Me escribe mi primo de Ciego de Ávila para decirme que ya está negativo, pero que ahora es un hermano suyo, otro primo mío, quien está enfermo de la COVID-19.
Me escribe mi amiga de los Estados Unidos para decirme que está reuniendo medicamentos con algunos conocidos y amistades para que alguien los pueda traer a Cuba, y me pregunta qué necesito, para incluirlo.
Me escribe un amigo de Santiago para decirme que liberaron a un amigo suyo, rapero, preso desde las protestas, y a un amigo común, poeta, detenido luego de que criticara públicamente al gobierno.
Me escriben.
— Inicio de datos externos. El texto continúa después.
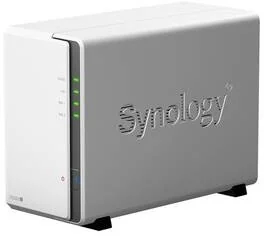 DeWalt SZLIFIERKA MIMOŚRODOWA BEZSZCZOTKOWA DCW210NT DCW210NT - Szlifierki i polerki - miniaturka - grafika 2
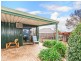 9 CURTIN COURT, Trott Park SA 5158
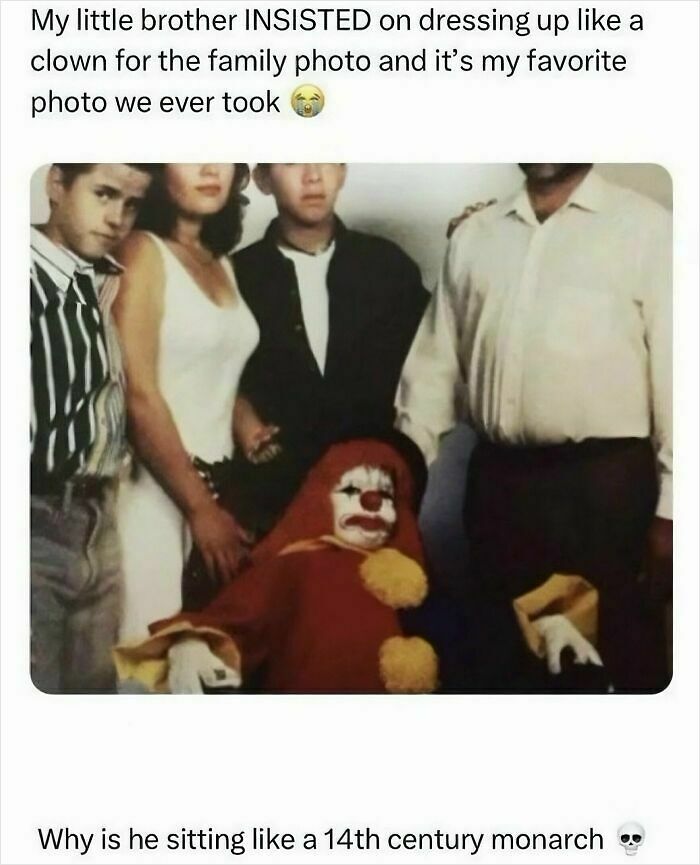 55 Funny Memes That You Might Want To Share With Your Group Chat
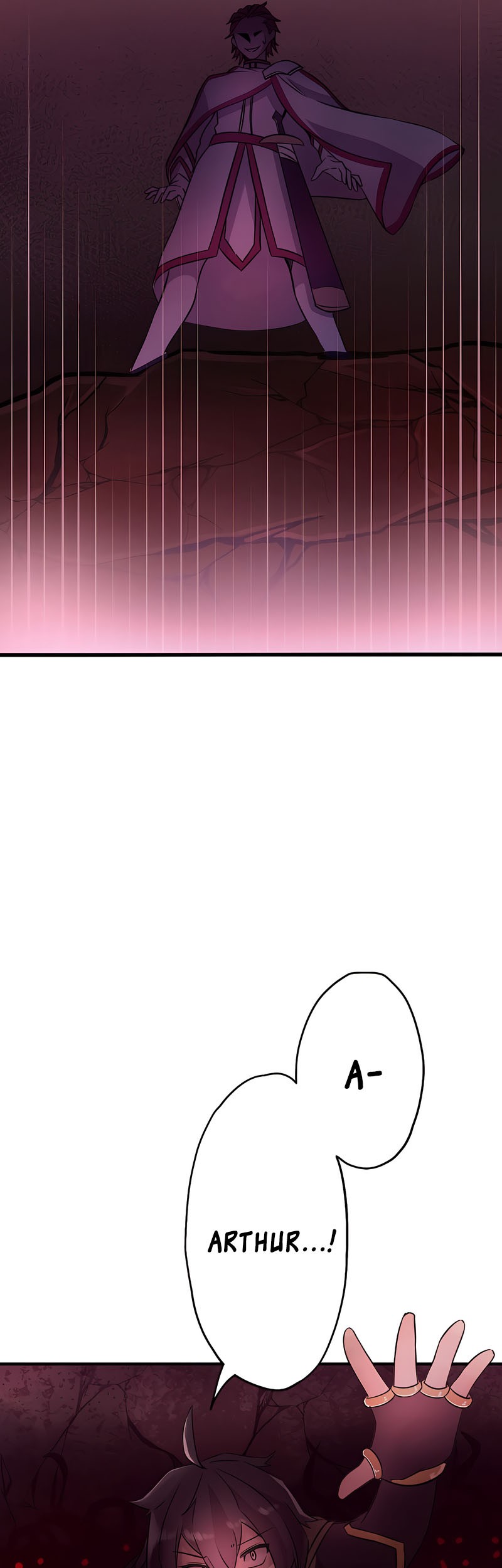 Chapter 1 - halaman 39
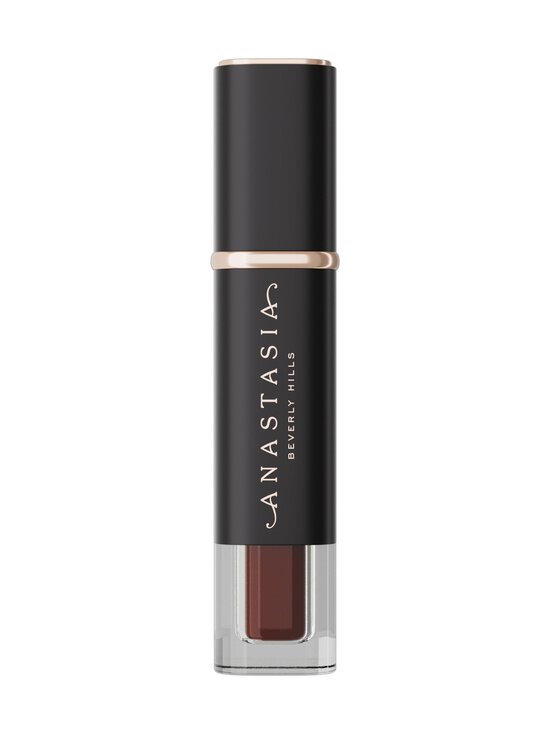 Anastasia - Volumizing Tinted Brow Gel -sävytetty kulmageeli, 3,2ml - CHOCOLATE - photo 1 Anastasia - Volumizing Tinted Brow Gel -sävytetty kulmageeli, 3,2ml - CHOCOLATE | Stockmann - photo 1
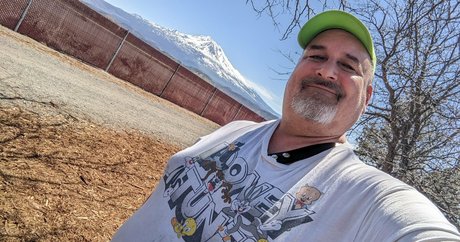 hippotaur schöne exklusive fotos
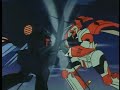 Black Knight (Aura Battler Dunbine)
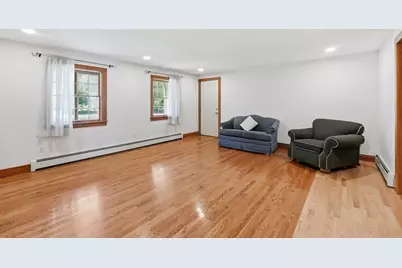 269 Harvard Rd, Bolton, MA 01740 - Photo 20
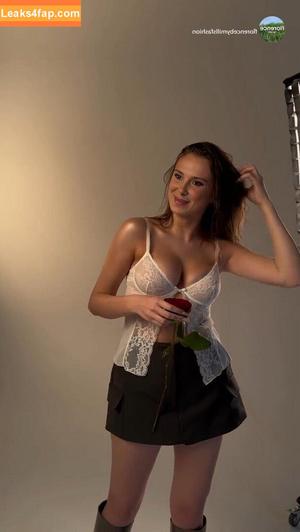 Millie Bobby Brown фото #3155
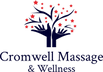 Cromwell Massage & Wellness
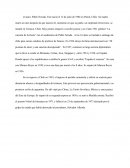 Biografía: Pablo Neruda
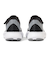 IH3597　17-21DURAMO SL2 EL C　CORE/FTWR/GREY　690457-0001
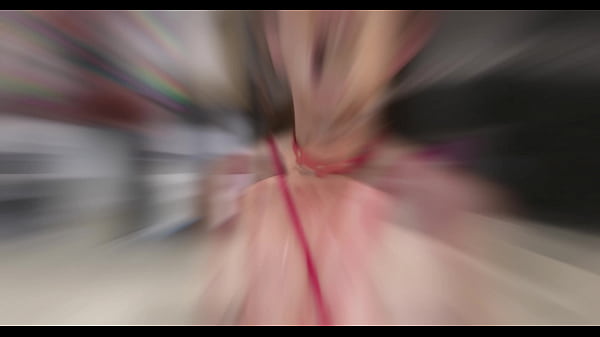 Play MP4 - Dap Destination Goes Wet&comma; NiciXdream&comma; 4on1&comma; BWC&comma; ATM&comma; DAP&comma; Big Gapes&comma; ButtRose&comma; Pee Drink&comma; Squirt&comma; Cum in Mouth&comma; Swallow GIO2509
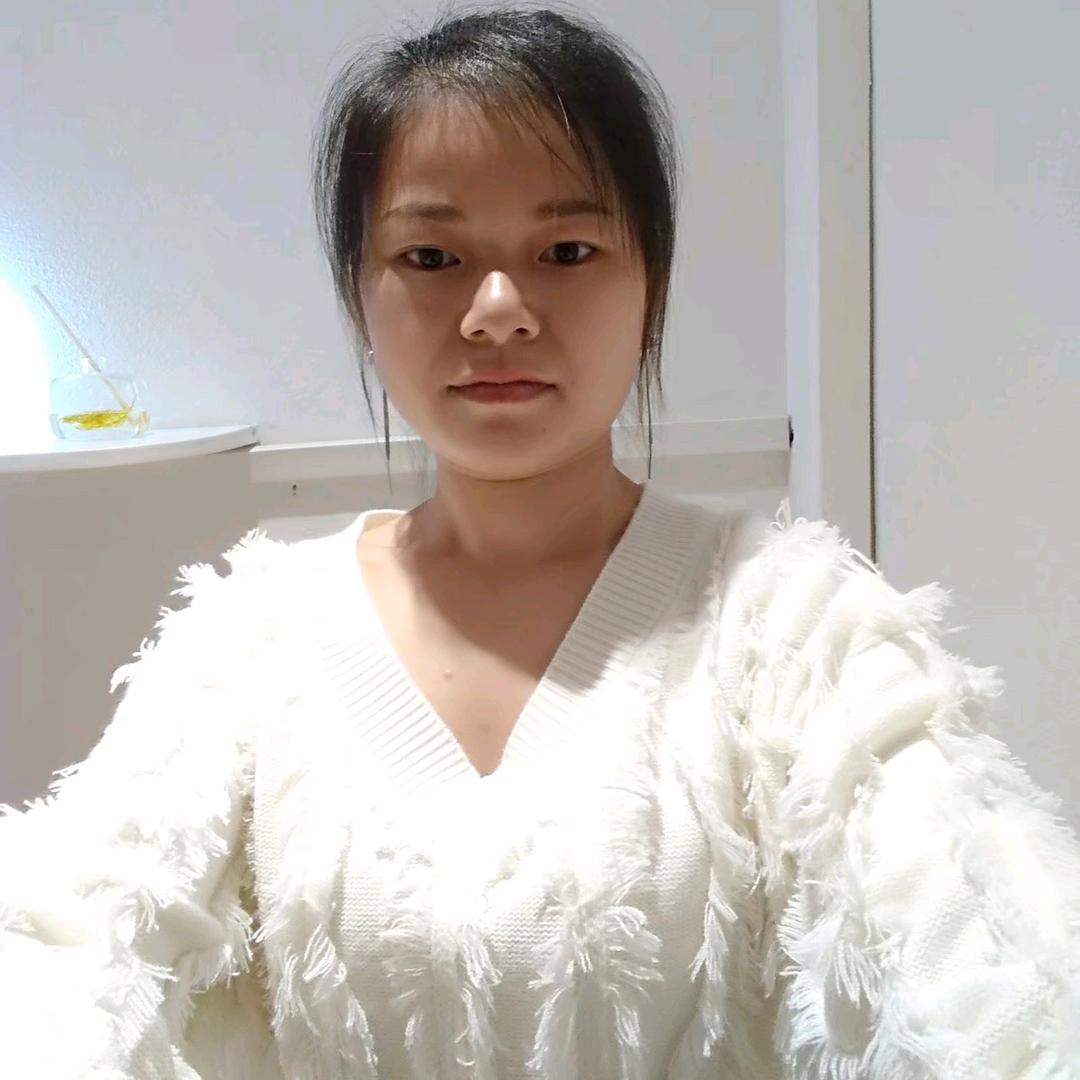 🍒自由随心🍒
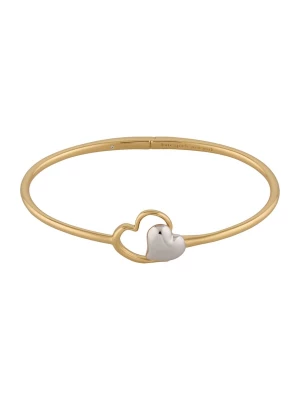 Foto van product Kate Spade Armband goud / zilver / transparant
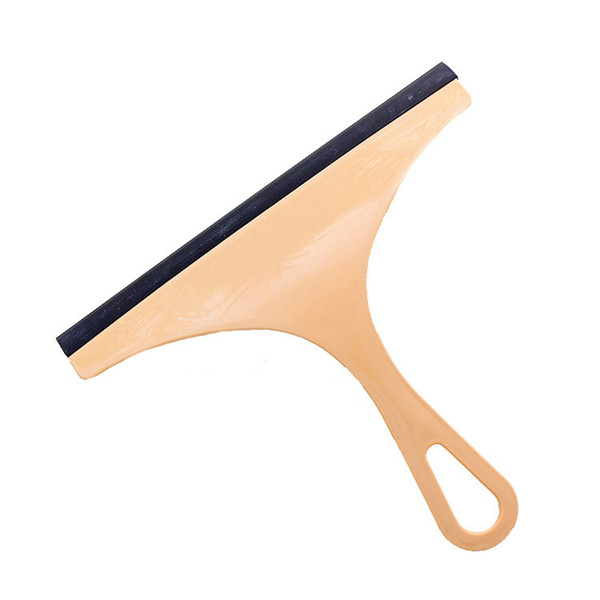 Household Window Cleaner Glass Wiper 6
Ellos y otros amigos más. Y les respondo.
Se va la corriente. También se cortan repentinamente los datos. Hace un calor absurdo, demencial. Salgo a botar la basura y aprovecho para estirar las piernas, para dar una vuelta por el barrio. No veo boinas negras como días atrás. Sí uniformados de azul y otros de verde, bien jóvenes, con un chaleco en el que se lee “Policía”. También veo autos, ómnibus que pasan, personas que caminan, un vendedor ambulante de “pay de coco y de guayaba”, “el mejor de toda La Habana, el original”.
En las afueras de la tienda de la esquina la gente se distribuye, se reúne y estira, siguiendo las islas de sombra. Escucho que hay pollo y detergente. “Ahora hay que esperar que venga la luz —me dice una vecina—. Si no, ya tendrá que ser mañana”. No parece haber demasiadas personas. Veo en la distancia a mis dos compañeras de vacunación, sentadas en unos banquitos con sus pencas. También al vecino que esperaba a que le bajara la presión y a la mujer que hablaba con Martha el domingo. A Martha, en cambio, no consigo verla.
Voy hasta cola y pido el último, por si acaso. Mis datos vuelven a aparecer.